Alors pourquoi les mathématiques sont-elle la seule discipline scolaire à avoir un traitement journalistique en France digne des bas fonds, où l'on place systématiquement au cachot le Roi PADAMALGAME tant adulé par les journalistes par ailleurs?
Pour revenir à la problématique de la compil, la recherche de la difficulté intrinsèque de chaque problème est vaine. Une étude plus approfondie et mieux documentée des conditions d'apprentissage et d'évaluation est incontournable. Il n'y a pas d'absolu à la difficulté rencontrée en enseignement des mathématiques, tout est question de contexte et de dosage. A la suite vient effectivement la difficulté du problème à résoudre. Si les enfants vietnamiens sont habitués à résoudre le type de problème posé, il reste sans doute difficile, mais si les élèves n'ont jamais traité d'exercices de ce type, il est tout simplement infaisable! Depuis quand, difficile, infaisable et traumatisant sont-ils des synonymes en français? J'ai encore du louper une réforme.

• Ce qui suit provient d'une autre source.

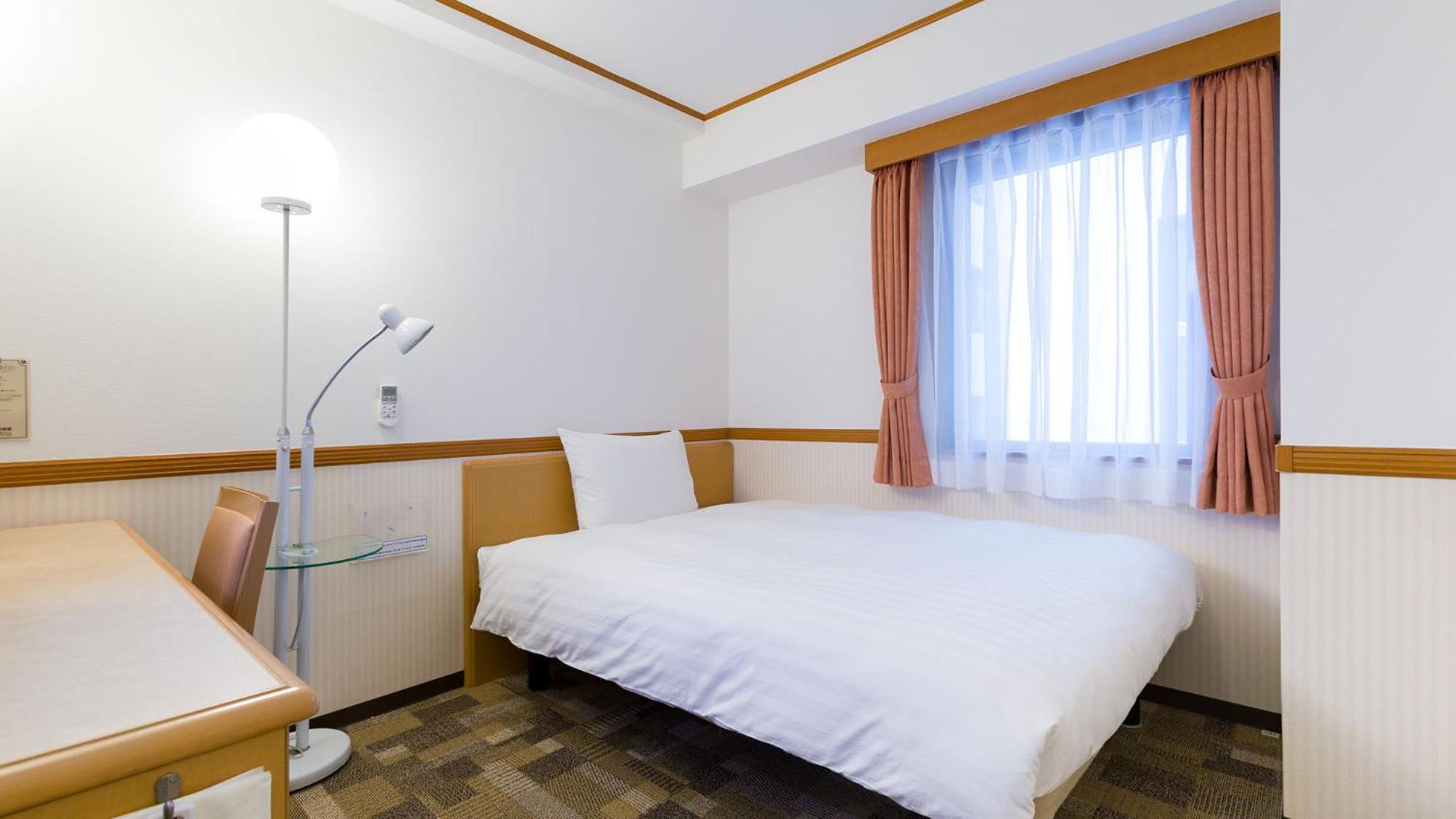 Toyoko Inn Sasebo Ekimae Buitenkant foto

Il serait dans tous les cas plus "professionnel" et plus honnête intellectuellement, de parler de potentielle inadaptation des sujets posés, qui ont en effet pu amener à un traumatisme chez les élèves ( et leurs parents) en voyant que qu'ils apparaissaient dans leur évalutaion.
Il me semble, toutes choses égales par ailleurs, que le problème du zèbre et du crocodile, soit le moins difficile des trois, la réponse aux deux premières questions étant presque immédiate. La troisième fait appel à une technique très usuelle. Pour ce qui est des deux autres exercices, tout dépend de l'entrainement préalable des élèves, mais ils me paraissent quand même ardus et relèvent sans doute plus de problèmes de type "Concours", Olympiades et compétitions mathématiques que d'exercices d'évaluation standardisés.
Je vous renvoie en passant à mon "traumatisme" personnel qui n'a pas fait la Une des médias de l'époque... Et pourtant!
Remarquez le nombre de questions des exercices 1 et 2 ( une heure de travail pour chacun!). A cette époque ce n'était pas la question qui était traumatisante mais plutôt son absence! Question d'époque.
Commentaires
Brillante critique sur l'engouement médiatique, elle soulève les réels enjeux de l'enseignement des mathématiques où les élèves actuels apprennent une réflexion type, plutôt que d'apprendre à bâtir cette dernière. Si changement de cette mentalité il y a, difficile à construire cette réforme sera...pour tous les protagonistes (éducation nationale, professeurs et leurs élèves).